ACTION ITEM
Of all the lines in the entries below, give again exactly those starting at the line containing "devant une fenêtre" and ending at the line containing "Khảo sát và", both ends included, and no others.

*** DATASET RECORDS Section Begins ***

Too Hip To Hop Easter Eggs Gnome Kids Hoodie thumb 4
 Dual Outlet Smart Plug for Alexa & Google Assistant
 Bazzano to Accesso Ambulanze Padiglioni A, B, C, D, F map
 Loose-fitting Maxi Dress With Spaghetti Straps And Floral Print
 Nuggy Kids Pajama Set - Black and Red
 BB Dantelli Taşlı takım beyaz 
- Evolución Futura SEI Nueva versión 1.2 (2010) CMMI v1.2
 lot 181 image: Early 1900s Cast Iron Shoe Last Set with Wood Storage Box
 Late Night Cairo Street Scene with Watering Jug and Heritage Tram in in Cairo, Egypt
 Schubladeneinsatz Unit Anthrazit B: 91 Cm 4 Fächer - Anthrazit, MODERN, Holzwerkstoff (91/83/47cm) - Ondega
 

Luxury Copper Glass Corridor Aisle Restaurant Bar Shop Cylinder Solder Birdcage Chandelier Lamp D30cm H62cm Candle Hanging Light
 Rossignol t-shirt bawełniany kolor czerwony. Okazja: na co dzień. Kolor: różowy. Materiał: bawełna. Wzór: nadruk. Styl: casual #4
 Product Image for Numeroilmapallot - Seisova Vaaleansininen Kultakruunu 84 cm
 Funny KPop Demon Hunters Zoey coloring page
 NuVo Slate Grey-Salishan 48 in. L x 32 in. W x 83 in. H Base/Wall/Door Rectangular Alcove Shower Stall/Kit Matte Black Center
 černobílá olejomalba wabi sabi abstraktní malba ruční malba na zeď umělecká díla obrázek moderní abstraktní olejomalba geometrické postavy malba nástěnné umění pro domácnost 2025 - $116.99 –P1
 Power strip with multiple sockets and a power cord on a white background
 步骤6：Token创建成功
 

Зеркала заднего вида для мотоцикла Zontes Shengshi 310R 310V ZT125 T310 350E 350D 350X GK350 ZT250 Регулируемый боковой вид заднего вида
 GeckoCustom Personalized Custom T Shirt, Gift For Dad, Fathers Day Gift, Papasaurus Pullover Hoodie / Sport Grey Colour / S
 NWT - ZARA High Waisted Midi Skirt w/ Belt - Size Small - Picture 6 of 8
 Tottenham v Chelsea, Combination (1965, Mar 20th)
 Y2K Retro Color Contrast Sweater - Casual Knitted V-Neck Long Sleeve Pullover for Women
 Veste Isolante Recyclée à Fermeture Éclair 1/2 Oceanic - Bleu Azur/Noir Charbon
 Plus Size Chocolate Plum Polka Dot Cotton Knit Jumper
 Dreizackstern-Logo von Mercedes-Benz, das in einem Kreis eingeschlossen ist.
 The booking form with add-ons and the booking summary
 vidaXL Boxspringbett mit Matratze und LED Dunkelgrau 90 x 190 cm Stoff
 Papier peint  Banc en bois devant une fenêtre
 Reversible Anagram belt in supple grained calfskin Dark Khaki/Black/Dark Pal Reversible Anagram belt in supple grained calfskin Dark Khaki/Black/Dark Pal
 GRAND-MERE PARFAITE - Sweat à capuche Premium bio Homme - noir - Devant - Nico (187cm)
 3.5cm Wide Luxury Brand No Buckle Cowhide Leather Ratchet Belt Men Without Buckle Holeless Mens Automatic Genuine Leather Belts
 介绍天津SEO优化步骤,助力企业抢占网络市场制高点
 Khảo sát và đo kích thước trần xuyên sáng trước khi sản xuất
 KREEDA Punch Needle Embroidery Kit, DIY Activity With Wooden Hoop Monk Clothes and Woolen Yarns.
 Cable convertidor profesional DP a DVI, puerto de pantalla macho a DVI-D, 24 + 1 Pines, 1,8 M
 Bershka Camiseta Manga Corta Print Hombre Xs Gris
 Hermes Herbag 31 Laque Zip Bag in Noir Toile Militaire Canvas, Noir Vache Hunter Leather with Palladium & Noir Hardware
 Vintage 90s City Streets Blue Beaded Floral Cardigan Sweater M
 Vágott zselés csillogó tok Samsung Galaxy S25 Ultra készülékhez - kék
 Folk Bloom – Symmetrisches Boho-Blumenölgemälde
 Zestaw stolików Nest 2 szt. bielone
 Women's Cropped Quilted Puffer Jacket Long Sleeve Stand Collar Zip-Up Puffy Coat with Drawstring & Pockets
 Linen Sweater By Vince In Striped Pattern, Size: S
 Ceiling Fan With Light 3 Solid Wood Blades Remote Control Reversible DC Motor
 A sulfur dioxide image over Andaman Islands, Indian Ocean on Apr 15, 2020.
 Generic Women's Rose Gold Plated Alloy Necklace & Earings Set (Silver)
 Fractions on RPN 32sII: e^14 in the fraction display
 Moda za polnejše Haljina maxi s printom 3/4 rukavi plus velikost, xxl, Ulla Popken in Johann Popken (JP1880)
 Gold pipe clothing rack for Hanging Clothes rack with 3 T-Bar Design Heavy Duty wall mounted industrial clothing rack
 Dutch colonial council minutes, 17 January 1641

*** DATASET RECORDS Section Ends ***

RESPONSE TO THE TASK
 Papier peint  Banc en bois devant une fenêtre
 Reversible Anagram belt in supple grained calfskin Dark Khaki/Black/Dark Pal Reversible Anagram belt in supple grained calfskin Dark Khaki/Black/Dark Pal
 GRAND-MERE PARFAITE - Sweat à capuche Premium bio Homme - noir - Devant - Nico (187cm)
 3.5cm Wide Luxury Brand No Buckle Cowhide Leather Ratchet Belt Men Without Buckle Holeless Mens Automatic Genuine Leather Belts
 介绍天津SEO优化步骤,助力企业抢占网络市场制高点
 Khảo sát và đo kích thước trần xuyên sáng trước khi sản xuất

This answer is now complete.